Students with high prior attainment might launch their inquiry with this prompt. There are six possible permutations involving 20, 30, and 40. Are they all equal? How can we prove any three numbers arranged in any permutation will give the same result?

Devon Burger, a middle school math teacher at a charter school in Brooklyn, New York, used the percentages prompt to launch an inquiry with her grade 6 class. She described the experience as "an awesome inquiry-based lesson."

The picture shows the students' responses to the prompt.  They range from different ways to verify its truth to thinking about the general case by asking 'Is it always true?' and 'If so, why?'

Devon reports on how the inquiry developed:

"This was the very first time we tried an inquiry lesson, and it was the students introduction to finding the percent of a number, so we mostly asked questions and explored the prompt in different ways. 

"Some students worked simply on whether this case was true and then tried other whole numbers they felt comfortable with; other students worked on proving to me that this would be true in any case; others tried it with percents that included decimals, percents greater than 100%, percents that aren’t multiples of 10, negative percents, etc.

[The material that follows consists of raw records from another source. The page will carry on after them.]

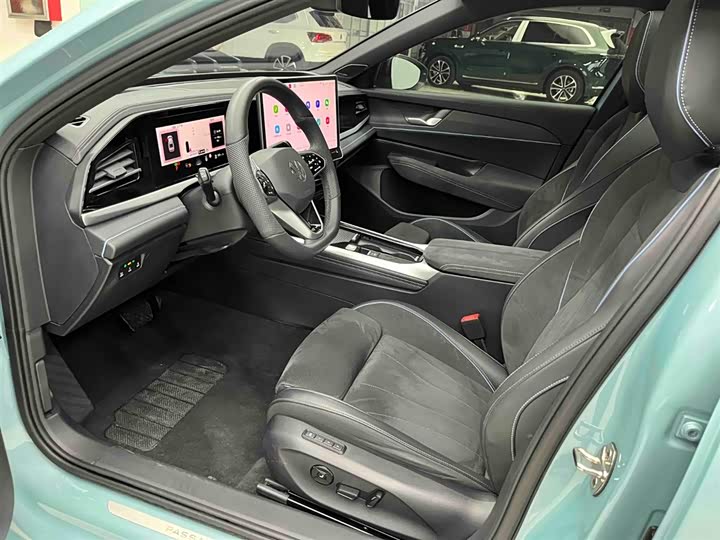 Volkswagen Passat 2025 2025款 Pro 380TSI 星空龙尊版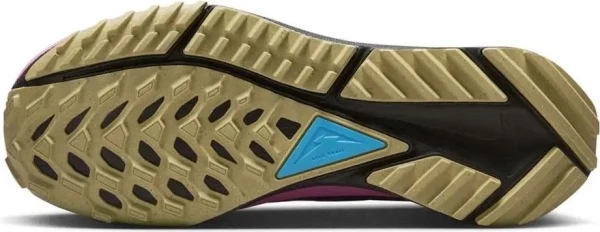 Кросівки бігові жіночі Nike W REACT PEGASUS TRAIL 4 GTX бордові FD0875-600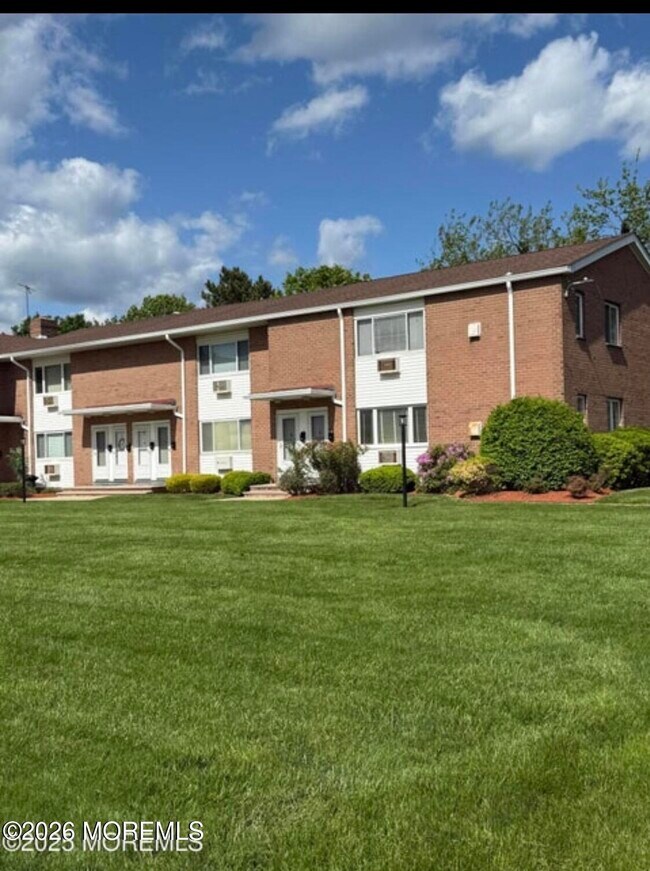 Building Photo - 35 Sternberger Ave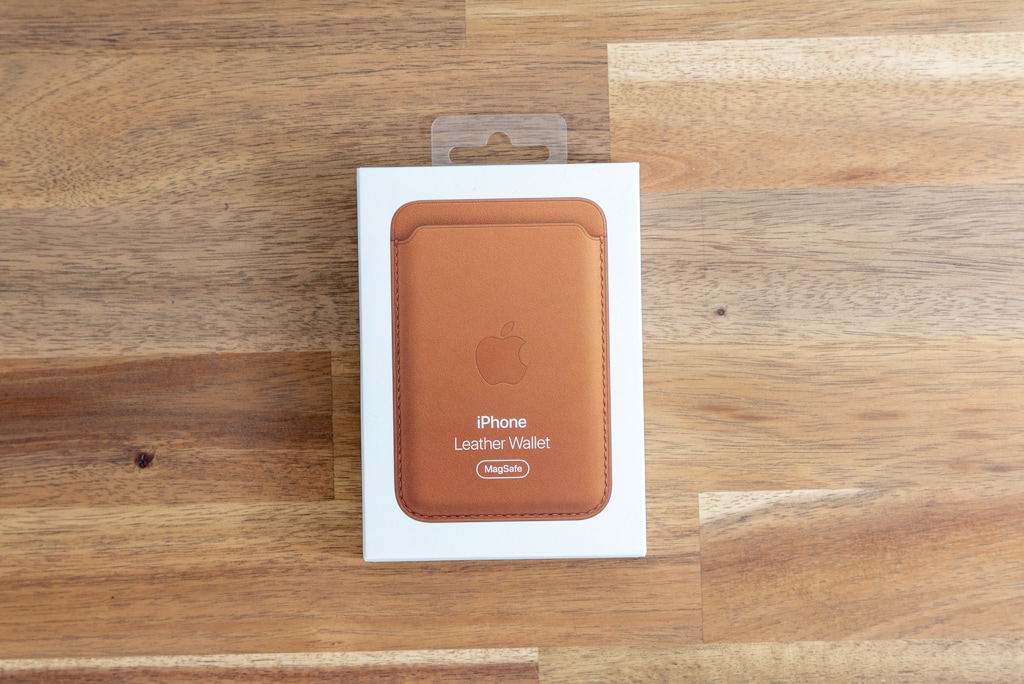 Apple純正MagSafe対応iPhone 12レザーウォレットの外箱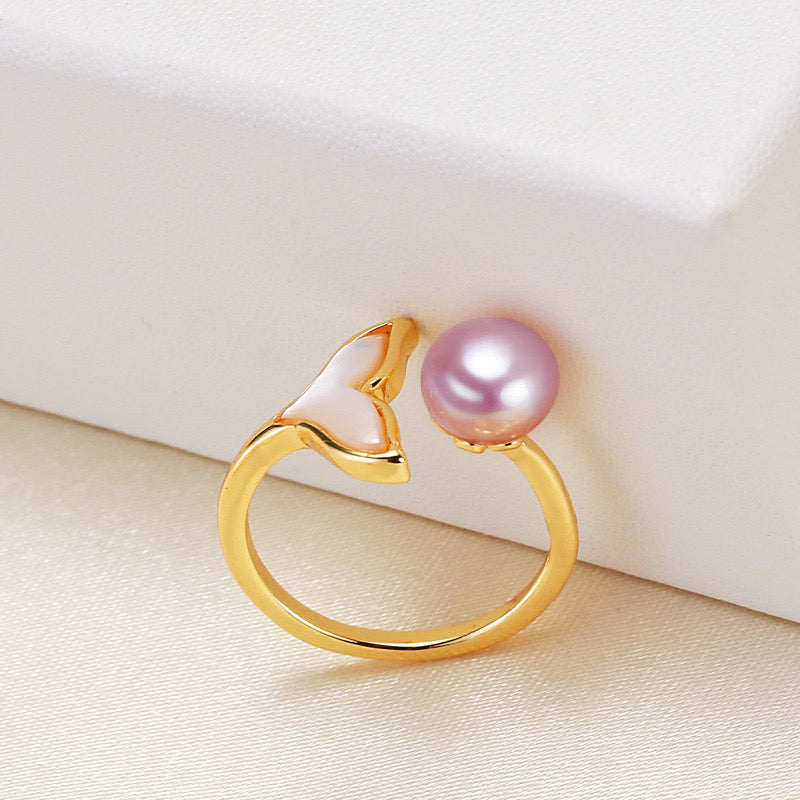 Brass Plated with 18K Gold Genuine Freshwater Pearl Whale Tail Ring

"We came back together to talk about what we found. It was a lot of fun, and it was great practice for the students to look at something that appears really foreign at first but then be able to manipulate the numbers and words to create a statement that is familiar to them. Some students panicked when they first saw this, but after realizing that they could re-write it as 4/10  x 70, they made all kinds of connections."

April 2022

Students found other examples and some went on to argue that it is always true by using algebra and presenting the percentage as a fraction.

• The second is an assertion that turns out to be false. a% of a = b% of b can never be true when a ≠ b.

• The third is an attempt to explain why the prompt is true by using an analogy involving the commutative law for multiplication of positive integers.

• The fourth is a generalisation - that is, the two numbers must sum to 110. The 'in all cases' is inferred from the statement. One counter example (for example, 20% of 40 = 40% of 20) shows this to be false.

The teacher should aim to set the prompt just above the understanding of the class to arouse curiosity and generate conjectures. The prompt should be accessible while not being too difficult.

In designing or choosing a prompt, therefore, the teacher must take into account students' prior learning to decide what concepts and procedures are 'just above' the level of the class.

One secondary mathematics department decided to use the percentages prompt with all their year 8 classes. The year group was split into two sides with classes being set from 1 (highest prior attainment) to 4 (lowest prior attainment) on both sides.

The prompt proved successful in generating inquiry only in the middle sets. The students in set 1 verified the prompt was true in seconds and asked, 'So what?' The inquiry died before it had started. The students in set 4 did not know where to start.

The Head of Maths contacted the Inquiry Maths website to ask for advice for the other half of the year group. 

We suggested changing the prompt in the following ways to provide enough intrigue at each level:

10% of 50 = 50% of 10

40% of 70 = 70% of 40

47% of 74 = 74% of 47

20% of 30% of 40 = 40% of 30% of 20

The lower attaining students explored examples involving multiples of 10 guided heavily by the teacher; the higher sets regulated their activity with the regulatory cards and finished with students presenting their proofs for the conjecture that "the order does not matter."